Extracted entries:
[Start of Attachment]

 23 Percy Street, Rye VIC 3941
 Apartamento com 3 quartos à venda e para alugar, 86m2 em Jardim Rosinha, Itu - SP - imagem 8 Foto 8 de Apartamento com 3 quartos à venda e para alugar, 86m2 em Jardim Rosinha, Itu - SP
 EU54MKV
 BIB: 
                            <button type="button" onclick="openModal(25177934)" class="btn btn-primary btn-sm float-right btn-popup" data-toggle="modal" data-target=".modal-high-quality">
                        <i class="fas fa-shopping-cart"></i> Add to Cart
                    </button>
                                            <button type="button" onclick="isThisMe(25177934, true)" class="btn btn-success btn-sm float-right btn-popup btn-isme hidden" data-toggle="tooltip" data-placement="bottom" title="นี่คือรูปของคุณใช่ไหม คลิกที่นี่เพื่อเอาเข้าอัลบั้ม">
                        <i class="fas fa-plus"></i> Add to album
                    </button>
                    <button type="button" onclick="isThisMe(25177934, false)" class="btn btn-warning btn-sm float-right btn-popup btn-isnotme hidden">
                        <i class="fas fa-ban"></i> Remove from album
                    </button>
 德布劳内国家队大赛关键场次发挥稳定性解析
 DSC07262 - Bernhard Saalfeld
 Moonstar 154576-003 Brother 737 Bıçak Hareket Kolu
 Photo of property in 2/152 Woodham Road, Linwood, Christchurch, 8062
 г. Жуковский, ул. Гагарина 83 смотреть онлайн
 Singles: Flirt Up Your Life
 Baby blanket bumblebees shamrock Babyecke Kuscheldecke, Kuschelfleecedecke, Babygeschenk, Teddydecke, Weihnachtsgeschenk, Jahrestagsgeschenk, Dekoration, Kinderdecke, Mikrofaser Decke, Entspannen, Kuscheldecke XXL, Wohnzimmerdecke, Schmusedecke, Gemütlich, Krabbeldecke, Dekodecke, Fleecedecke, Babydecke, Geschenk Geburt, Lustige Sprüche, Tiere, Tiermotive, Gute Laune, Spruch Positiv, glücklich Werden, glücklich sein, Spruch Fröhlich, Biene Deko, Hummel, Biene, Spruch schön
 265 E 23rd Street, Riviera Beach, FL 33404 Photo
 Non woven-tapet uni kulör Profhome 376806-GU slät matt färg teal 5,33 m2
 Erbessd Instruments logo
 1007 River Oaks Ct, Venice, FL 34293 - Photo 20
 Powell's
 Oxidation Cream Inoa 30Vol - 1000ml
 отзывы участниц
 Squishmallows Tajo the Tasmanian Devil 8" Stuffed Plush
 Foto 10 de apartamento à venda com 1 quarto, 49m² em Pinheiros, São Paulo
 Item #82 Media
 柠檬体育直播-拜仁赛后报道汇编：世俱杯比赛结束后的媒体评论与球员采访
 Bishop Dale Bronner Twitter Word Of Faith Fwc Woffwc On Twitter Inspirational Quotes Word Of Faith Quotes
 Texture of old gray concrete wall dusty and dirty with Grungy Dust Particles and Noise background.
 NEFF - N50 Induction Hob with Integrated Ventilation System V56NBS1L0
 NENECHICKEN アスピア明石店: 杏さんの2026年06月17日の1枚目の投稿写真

[End of Attachment]

In the listing above, start at the line with "Moonstar 154576-003 Brother", go on through the line with "Singles: Flirt Up Your Life", and copy each of those lines exactly; leave out all the rest.

Exercise answer:
 Moonstar 154576-003 Brother 737 Bıçak Hareket Kolu
 Photo of property in 2/152 Woodham Road, Linwood, Christchurch, 8062
 г. Жуковский, ул. Гагарина 83 смотреть онлайн
 Singles: Flirt Up Your Life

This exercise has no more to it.